FA goes on the attack over Graham
The Football Association went on the offensive yesterday as George Graham prepared to step up his appeal for public sympathy. Having sold his version of events surrounding the "bung" controversy to a tabloid newspaper, Graham is now to plug his book about the affair on radio and television.
The FA, tired of Graham's self-styled martyrdom, yesterday responded by releasing its own version of events. It reads differently to Graham's. It is also a far more effective way of dealing with the unabashed former Arsenal manager than another disrepute charge. Now the public can judge Graham directly. They may feel he escaped lightly.
The FA said it had "a right, and a responsibility" to set the record straight. The "Statement of Reasons" which it released was drawn up during the summer, after the disrepute charge which ended with Graham being banned from "all football activities" for one year.
Neither Graham, nor Arsenal, emerge with credit. Graham has contended that he thought the monies - pounds 140,500 paid in cash in December 1993, and pounds 285,000 paid by bankers' draft the following August - were gifts from Rune Hauge, for Graham's assistance in helping to establish him as a major agent.
But the statement notes the timing, and size of the payments, are too closely related to the Paal Lydersen and John Jensen transfers to be coincidental. It also questions the conduct of the deals.
In Lydersen's case Graham told Arsenal he would cost pounds 500,000 plus pounds 50,000 based on appearances. He then agreed a deal with IK Start for pounds 215,000 - a differential of pounds 285,000-pounds 335,000. On 5 December 1991 Arsenal paid Start pounds 500,000 (Hauge having explained they needed a bigger figure for work permit reasons).
Start passed on pounds 310,000 to Hauge's Channel Islands-based company, Interclub. Of that Lydersen received pounds 25,000, leaving pounds 283,000. Ten days later, in the Park Lane Hotel, Hauge handed roughly half to Graham in cash. "What a Christmas present - fantastic," thought Graham.
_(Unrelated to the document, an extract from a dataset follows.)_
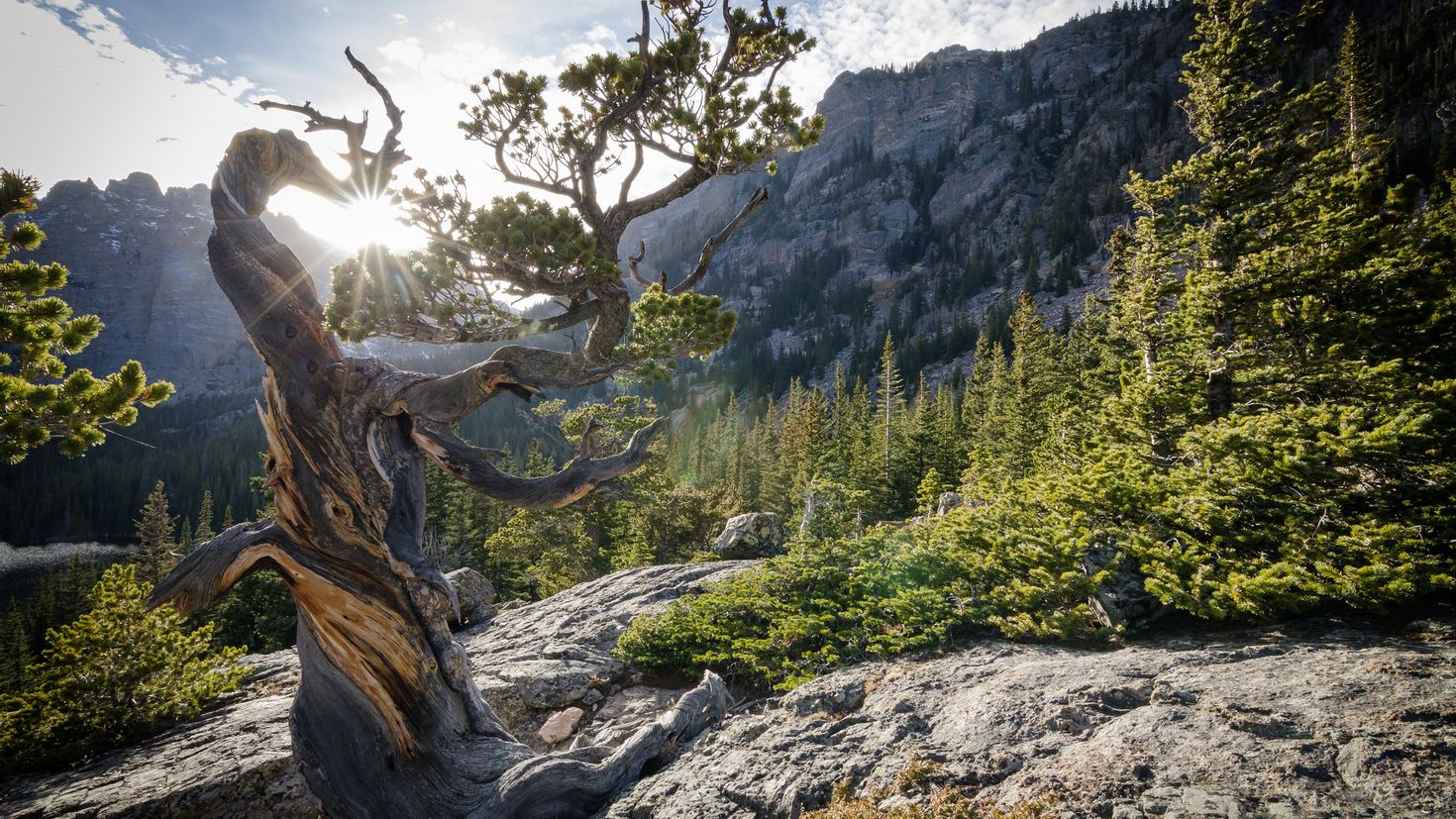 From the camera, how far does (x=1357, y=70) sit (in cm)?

For eight months Hauge gave Graham no further money. Then Graham, through Hauge, bought Jensen from Brondby. Arsenal paid pounds 1.57m; pounds 750-800,000 of that went to Brondby, via Hauge. Jensen's cut was about pounds 200,000 - leaving pounds 550-600,000. A month later a banker's draft, for roughly half that amount, arrived in Graham's account. Coincidence?
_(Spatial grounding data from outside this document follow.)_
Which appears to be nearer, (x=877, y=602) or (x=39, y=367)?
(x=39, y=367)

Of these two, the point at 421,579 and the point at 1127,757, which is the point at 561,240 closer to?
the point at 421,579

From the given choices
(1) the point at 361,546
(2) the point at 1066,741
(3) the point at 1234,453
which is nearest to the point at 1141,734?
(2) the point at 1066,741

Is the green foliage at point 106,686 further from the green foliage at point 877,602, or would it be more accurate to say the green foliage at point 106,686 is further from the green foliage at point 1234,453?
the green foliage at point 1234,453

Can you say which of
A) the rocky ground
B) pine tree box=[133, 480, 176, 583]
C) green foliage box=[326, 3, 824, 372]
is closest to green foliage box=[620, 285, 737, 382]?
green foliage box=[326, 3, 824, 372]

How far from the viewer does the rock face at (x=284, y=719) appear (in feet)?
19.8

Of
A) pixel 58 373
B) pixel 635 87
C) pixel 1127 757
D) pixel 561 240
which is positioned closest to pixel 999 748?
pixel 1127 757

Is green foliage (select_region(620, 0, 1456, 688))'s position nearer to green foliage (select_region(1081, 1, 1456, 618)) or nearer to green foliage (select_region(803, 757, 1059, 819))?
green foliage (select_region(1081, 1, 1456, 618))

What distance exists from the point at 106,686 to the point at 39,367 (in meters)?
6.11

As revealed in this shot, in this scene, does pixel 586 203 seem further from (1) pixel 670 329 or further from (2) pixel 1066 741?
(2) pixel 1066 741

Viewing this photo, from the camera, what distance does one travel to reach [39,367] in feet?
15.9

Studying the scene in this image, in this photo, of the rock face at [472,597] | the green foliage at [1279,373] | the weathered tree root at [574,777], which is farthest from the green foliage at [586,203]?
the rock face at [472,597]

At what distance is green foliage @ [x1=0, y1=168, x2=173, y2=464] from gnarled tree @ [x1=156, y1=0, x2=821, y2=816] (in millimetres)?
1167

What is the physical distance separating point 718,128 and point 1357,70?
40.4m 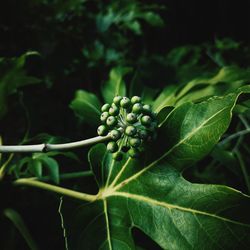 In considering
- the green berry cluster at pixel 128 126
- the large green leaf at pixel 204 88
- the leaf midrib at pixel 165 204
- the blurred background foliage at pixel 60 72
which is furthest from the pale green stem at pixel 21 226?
the large green leaf at pixel 204 88

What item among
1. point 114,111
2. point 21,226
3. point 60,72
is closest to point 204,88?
point 114,111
Arsenal had no inkling of this until April 1994 when a letter arrived from the Inland Revenue suggesting that coaching staff had received "payments...which have emanated from transfer fees paid by [Arsenal]". At this point Steve Burtenshaw confessed to receiving pounds 50,000. Burtenshaw is still being investigated by the Premier League. He is also still at Arsenal.
In September, with Hauge being investigated by the Norwegian tax authorities, and Arsenal's directors talking to Brondby's, Graham told Arsenal about the money. In December, with rumours increasing, he paid both "gifts", plus interest, to Arsenal. Why, one might wonder, did he not return the money to Hauge, unless he knew it had not been Hauge's to give.
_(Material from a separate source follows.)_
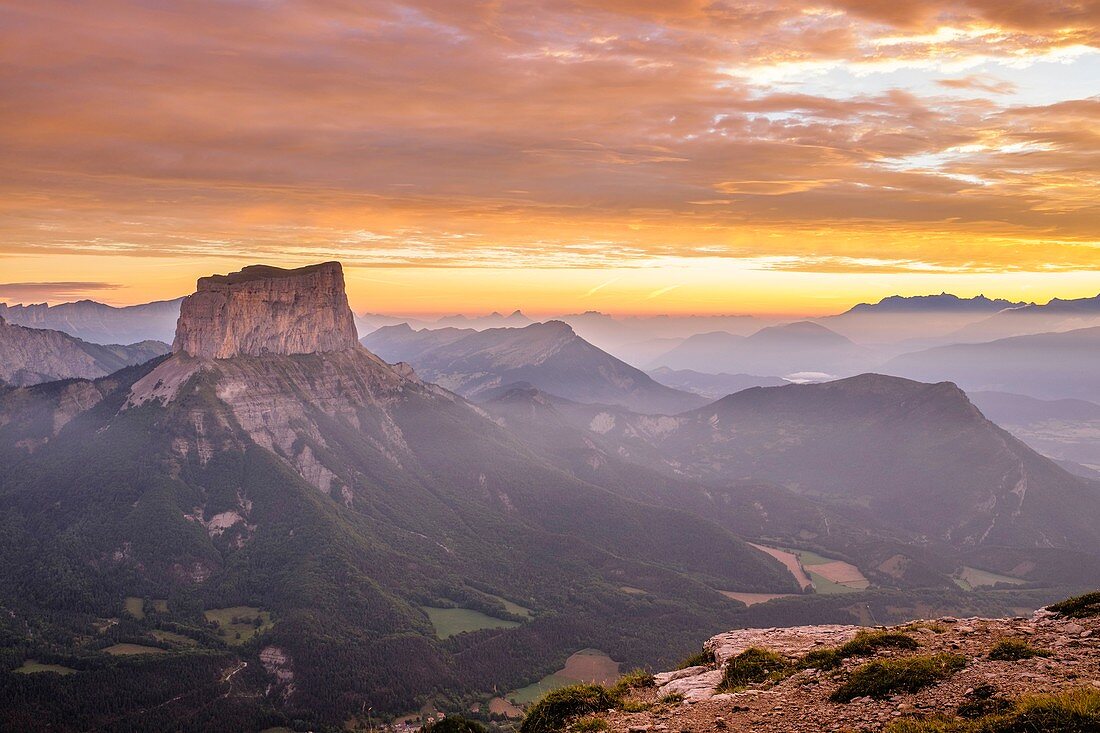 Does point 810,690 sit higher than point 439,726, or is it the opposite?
point 810,690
Arsenal, with a Cup-Winners' Cup still gleaming in the trophy room, said "thanks very much", and did not move to dismiss their manager. Only when the Premier League inquiry was about to report did they act.
It is a grubby affair, and Graham has done the game no favours by raking over it once more. One last point to reiterate: the inquiry does not clear Graham of deliberately fiddling the deals. It merely says "we cannot be sure that Mr Graham's role in each deal was pre-determined to line his own pocket". Not proven, rather than not guilty.